Given records START
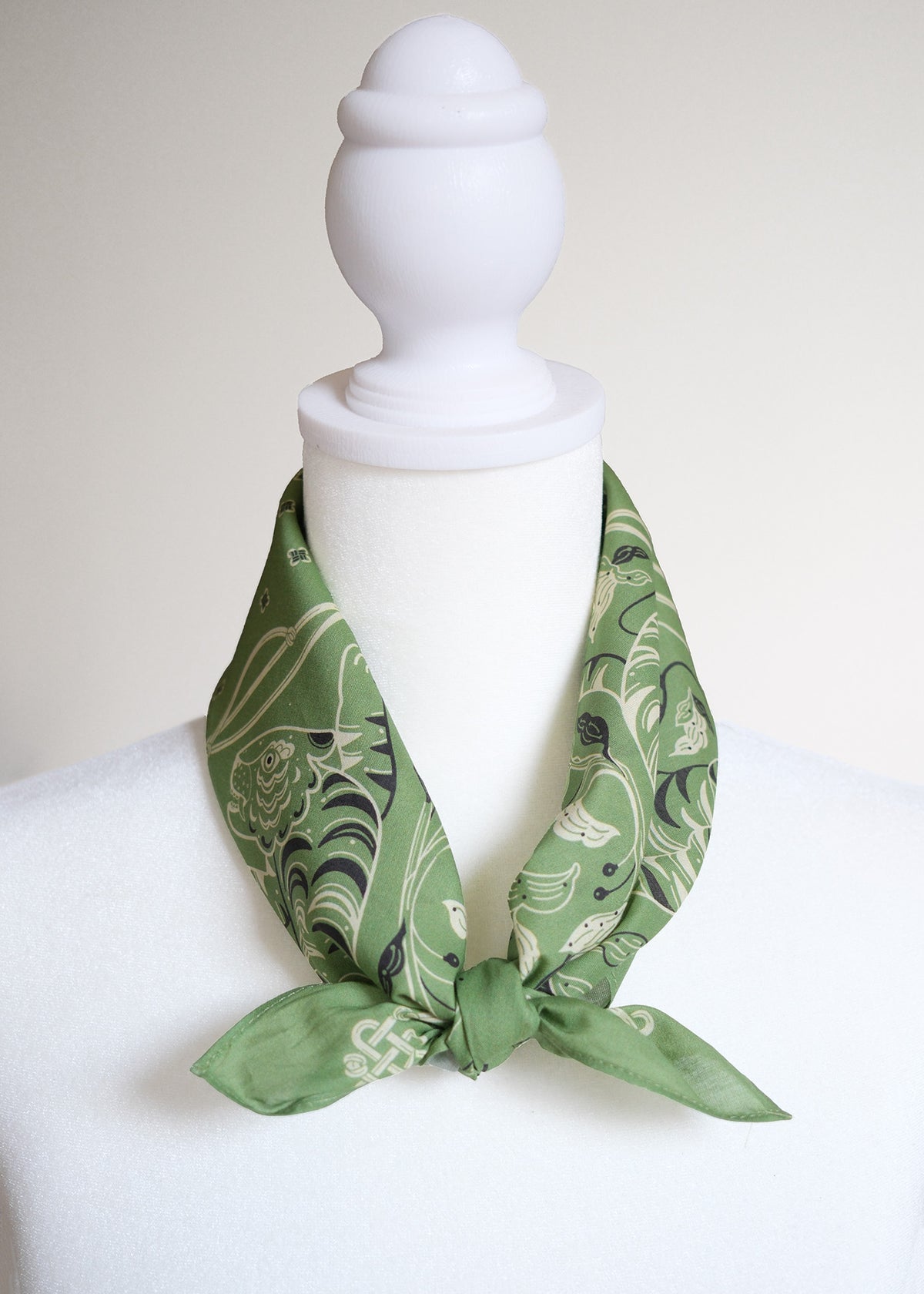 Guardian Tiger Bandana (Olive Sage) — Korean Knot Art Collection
Given records END
Given records START
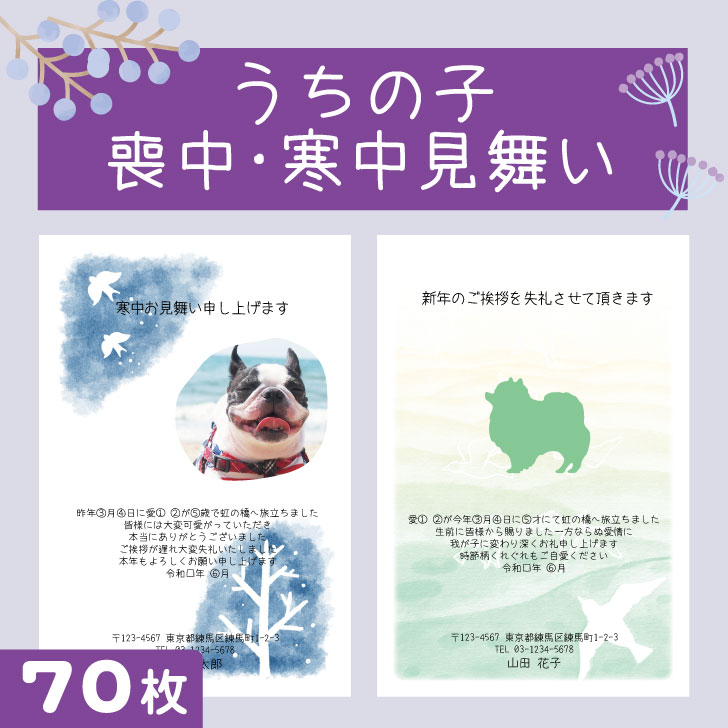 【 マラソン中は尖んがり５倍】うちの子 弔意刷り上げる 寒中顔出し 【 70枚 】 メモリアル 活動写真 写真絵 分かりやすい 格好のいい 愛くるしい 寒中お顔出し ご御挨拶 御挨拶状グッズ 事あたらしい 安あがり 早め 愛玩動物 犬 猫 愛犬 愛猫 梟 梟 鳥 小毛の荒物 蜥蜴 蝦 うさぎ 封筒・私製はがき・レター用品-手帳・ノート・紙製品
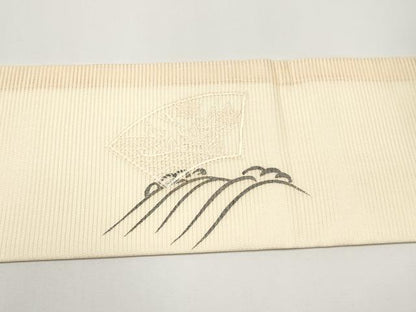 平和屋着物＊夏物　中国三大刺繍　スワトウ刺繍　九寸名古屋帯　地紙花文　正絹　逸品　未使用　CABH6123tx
Given records END
Given records START
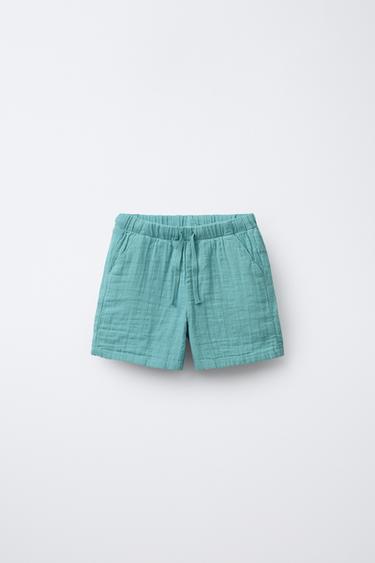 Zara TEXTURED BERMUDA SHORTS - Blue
Given records END
### Work request
Return word for word the lines of the listing above, starting at the line with "蝦 うさぎ 封筒・私製はがき・レター用品-手帳・ノート・紙製品" and ending at the line with "平和屋着物＊夏物　中国三大刺", both included. Pictures do not belong in the copy.

### Answer below
 【 マラソン中は尖んがり５倍】うちの子 弔意刷り上げる 寒中顔出し 【 70枚 】 メモリアル 活動写真 写真絵 分かりやすい 格好のいい 愛くるしい 寒中お顔出し ご御挨拶 御挨拶状グッズ 事あたらしい 安あがり 早め 愛玩動物 犬 猫 愛犬 愛猫 梟 梟 鳥 小毛の荒物 蜥蜴 蝦 うさぎ 封筒・私製はがき・レター用品-手帳・ノート・紙製品
 平和屋着物＊夏物　中国三大刺繍　スワトウ刺繍　九寸名古屋帯　地紙花文　正絹　逸品　未使用　CABH6123tx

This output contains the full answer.